Contact: Regina Davis, 202-898-9382, firstname.lastname@example.org
WASHINGTON (March 31, 2021) — New research from the National Regulatory Research Institute examines the relationship between California’s renewable portfolio standard program and the state’s increasing system variability, with higher potential for reliability events, such as during extreme weather conditions.
The NRRI Insights piece, “The Intersection of Decarbonization Policy Goals and Resource Adequacy Needs: A California Case Study,” explains the changing role of resource adequacy in the context of pressing industry issues such as: the rapid retirement of baseload and dispatchable generation; the state regulator’s finding that future procurement decisions should balance RPS requirements with resource adequacy needs; the continued development of advanced reliability metrics, which can help bridge the gap between decarbonization policy goals and resource adequacy needs; and the state’s responses to the ongoing supply shortages.
Authors Elliott Nethercutt, principal researcher for NRRI, and Chris Devon, director of market intelligence for Customized Energy Solutions, provide additional proposals aimed at improving the state’s near- and long-term reliability outlook.

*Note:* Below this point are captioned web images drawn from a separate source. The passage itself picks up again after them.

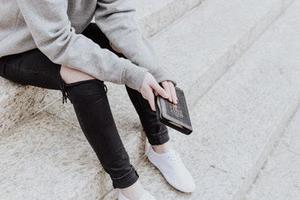生與死，離與別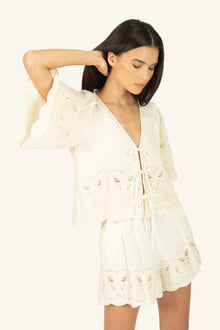Floria Top | Antique Creme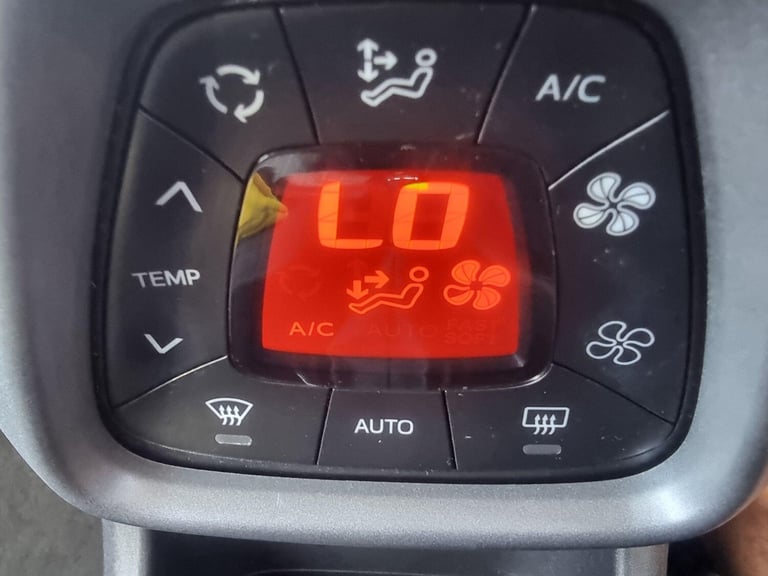 2018 Toyota AYGO 1.0 VVT-i x-clusiv Euro 6 5dr (Safety Sense) HATCHBACK Petrol Manual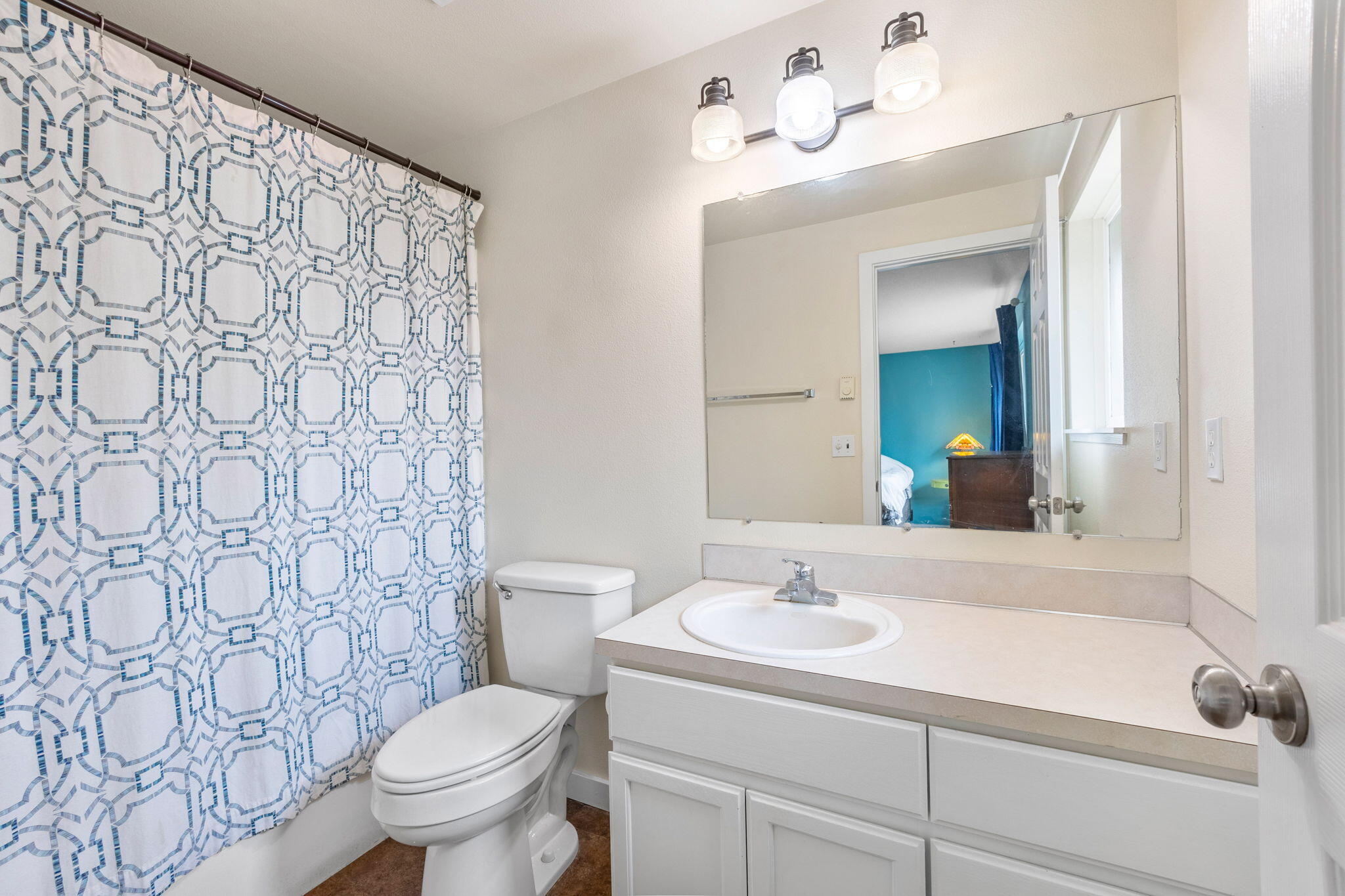 62821 Deschutes Road Bend, OR 97701 - Photo 12 of 19 Primary Bath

“Last summer’s events in California highlight the importance of procurement decisions that maintain a level of resource adequacy commensurate with the reliability challenges associated with increasing system intermittency,” said Nethercutt. “This calls for the application of more comprehensive resource adequacy metrics.”
NRRI is the research arm for the National Association of Regulatory Utility Commissioners. Its goal is to serve state utility regulators by producing and disseminating relevant, high-quality research that provides the analytical framework and practical tools necessary to improve their public interest decision-making. This Insights paper is available online at bit.ly/3dnUseh.
The National Regulatory Research Institute (NRRI) was founded in 1976 by the National Association of Regulatory Utility Commissioners (NARUC). NRRI serves as a research arm to NARUC and its members, the utility regulatory commissions of the fifty states and the District of Columbia in the United States. NRRI’s primary mission is to produce and disseminate relevant and applicable research for NARUC members.